What should not happen at Parcel 5
As the community reconsiders what to do with Parcel 5 in the wake of RBTL's decision to move its proposed theater elsewhere, we must stay aware of an inescapable reality. Parcel 5 is a relatively small lot – just 1.1 acres – surrounded by a densely-packed residential neighborhood. Whatever happens to Parcel 5, the needs of those living in the buildings on its immediate periphery must be carefully considered.
This has become an issue because a number of groups and individuals have put forward the vision of using Parcel 5 as an entertainment venue and town square where concerts, festivals, and similar events could be held. But have the advocates of this plan thought through the implications of employing high-powered sound systems on a regular basis in such a narrow, confined place with over 1,300 people – nearly 20 percent of the downtown population – in the range of the loudspeakers?
I am a resident of one of the buildings surrounding Parcel 5 and genuinely love living downtown, but on the occasions when loud sound has been blasted at my apartment, it has been anything but pleasant. A key reason is that, from an acoustic standpoint, Parcel 5 resembles a canyon, with sound waves bouncing off all the surrounding buildings until they become amplified further and highly distorted.
This was apparent last summer when Parcel 5 hosted an outdoor movie. The soundtrack truly invaded my home, and almost certainly those of my neighbors as well, making it impossible to carry on normal life. It became so intrusive that it was hard to hold a conversation, watch television, or do anything else, and there was no way to shut it off. Most striking, it was so muddled that it was impossible to make out any words.
The same problem occurred when two stray musicians set up an electronic keyboard and drums in the middle of Parcel 5 one afternoon and beamed their music out on an amplifier. I'm sure they assumed they had every right to play in a public space. I'm equally sure they did not for a moment consider the impact on folks in the surrounding buildings.
Those of us who live downtown realize that we can't expect the quiet of a suburban street, nor do we want that. Parades and occasional high-decibel events like the Jazz and Fringe Festivals are what we signed up for. We strongly support efforts to make the city more lively. But to have high-powered sound systems firing at us on a regular basis is not sustainable.

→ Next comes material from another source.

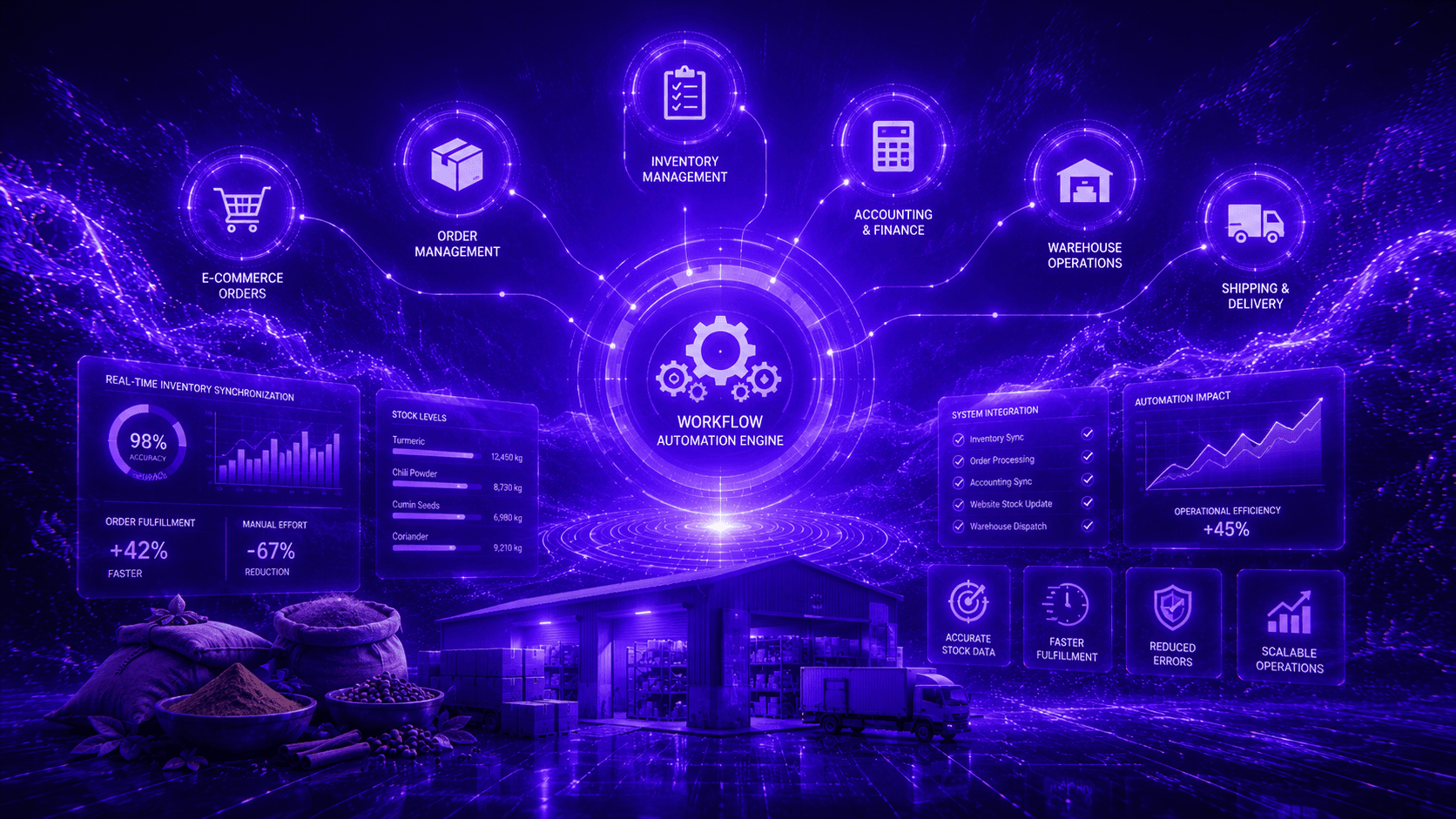 workflow-automation-spice-manufacturing-company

The activists who urge converting the space to an entertainment venue point to similar projects in cities like Detroit, Cleveland, Columbus, and Buffalo. But the fact is that those sites are almost entirely surrounded by office buildings and are much larger than Parcel 5. (Those in Cleveland and Columbus, Ohio, are 10 and 6 acres, respectively). What works there would not work here.
It is safe to predict, based on what we know about how people typically react in these situations, that using Parcel 5 for concerts and festivals from spring through fall would lead to many current residents moving out. One can also imagine a flood of litigation directed against the city to force it to adhere to its noise abatement codes. Given all the effort poured into convincing people to live downtown, this should be the last thing those concerned with Rochester's development would want.
Moreover, turning Parcel 5 into a concert space seems especially unnecessary given the availability of Martin Luther King, Jr. Park nearby. It has a sizable stage, a light tower, and is not surrounded by residential structures. The city already holds its very successful Thursdays in the Park series there, and the Jazz Festival has used it as a large-scale outdoor venue.
Clearly, a great deal of discussion must take place before the city decides the fate of Parcel 5. Perhaps some compromise can be reached that would satisfy those who want it to be an entertainment center, but the very real constraints of its physical configuration make me skeptical.